Washington is the most trade-dependent state in the nation, so Washington stands to benefit the most when we -- and the rest of the nation -- capture these new customers. Even now, the importance of international trade to Washington State cannot be overstated.

Last year, our companies exported $35 billion worth of goods. For the average Washington citizen, this adds up to one word -- Jobs. One in three jobs in the state is directly or indirectly related to trade (exports and imports combined), and export-dependent jobs pay at least 13 percent to 18 percent more than the national average.

When we talk about international trade, we tend to think of Boeing. It is true that Boeing is the largest exporter in the country. But international trade is extremely important to other sectors of Washington’s economy also. Those sectors include such high technology industries such as medical products, industrial machinery, electrical equipment, telecommunications and software.

Of course, exports are also vital to our natural resource-based industries including agriculture, paper and lumber, and wood products.
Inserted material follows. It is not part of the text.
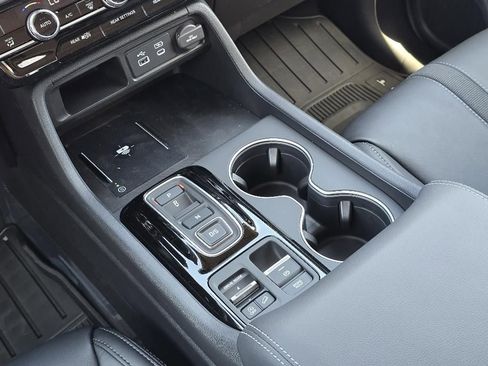 New 2025 Honda Pilot Touring image 18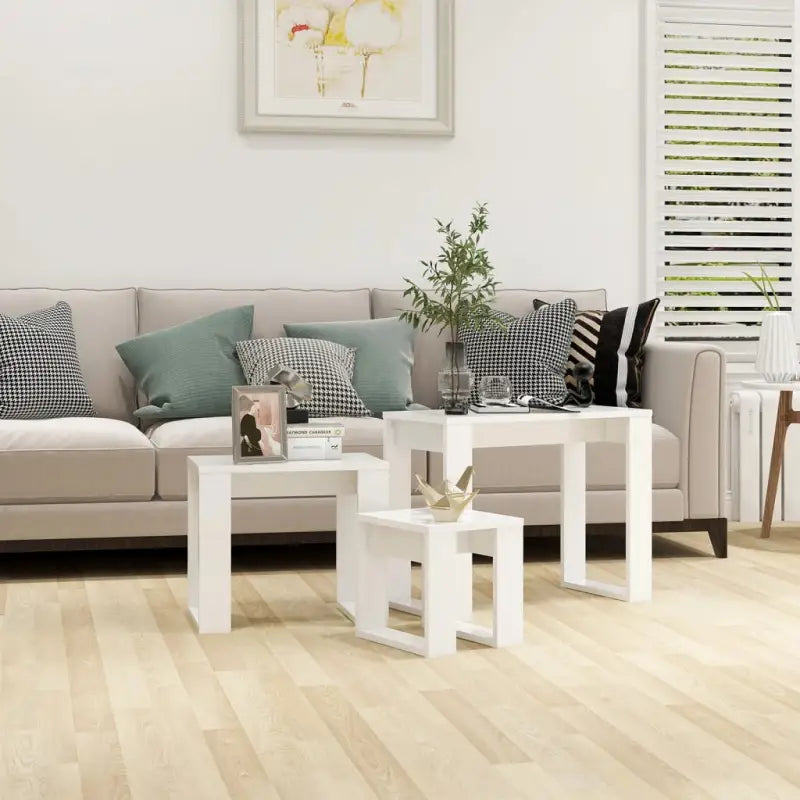 Bewerkt hout bijzettafels voor kleine ruimtes en moderne woonstijl - Bijzettafels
Connection to Trade Policy
Given that global trade is the lifeblood of Washington, I have supported and will continue to support, international trade agreements to improve market access for Washington products and services around the world. More than two years ago, Governor Schaefer of North Dakota and I spear-headed a bipartisan letter to the congressional leadership -- signed by most state governors and four territorial governors -- endorsing Permanent Normal Trade Relations for China.

Permanent Normal Trade Relations for China is essential to ensure that U.S. exporters capitalize on the market-access concessions agreed to by China as part of the country’s entry into the World Trade Organization.

I also support the new round of WTO negotiations. And I supported the Free Trade Area of the Americas, and the bilateral trade agreements with Chile and Singapore. These agreements will spur our state’s economy. They will open up a wide variety of commercial opportunities for Washington companies, farmers and workers.

Unfortunately, the ability of the United States to complete these trade agreements has been severely hurt by the President’s lack of Trade Promotion Authority. In the meantime, our competitors have not been idle. They are aggressively pursuing trade agreements without the participation of the United States.

As a result, there are currently more than 134 free-trade agreements in force throughout the world, but the United States is a party to just three of them. (NAFTA, Israel and Jordan.) By contrast, the European Union has 27 free trade agreements already in force and has at least 15 more on its negotiating agenda.

The reality is that the trade preferences our competitor nations enjoy through these trade agreements means lost exports and jobs for Washington companies, farmers and workers every day. For example, Washington exports of apples to Costa Rica have declined by half this year. That’s because of the duty free market access obtained by Chile for its apple exports under the country’s recent bilateral trade agreement with Costa Rica.

Similarly, Washington state frozen French-fry exports to Chile have essentially been eliminated by the tariff preferences Canada received under its bilateral trade agreement with Chile.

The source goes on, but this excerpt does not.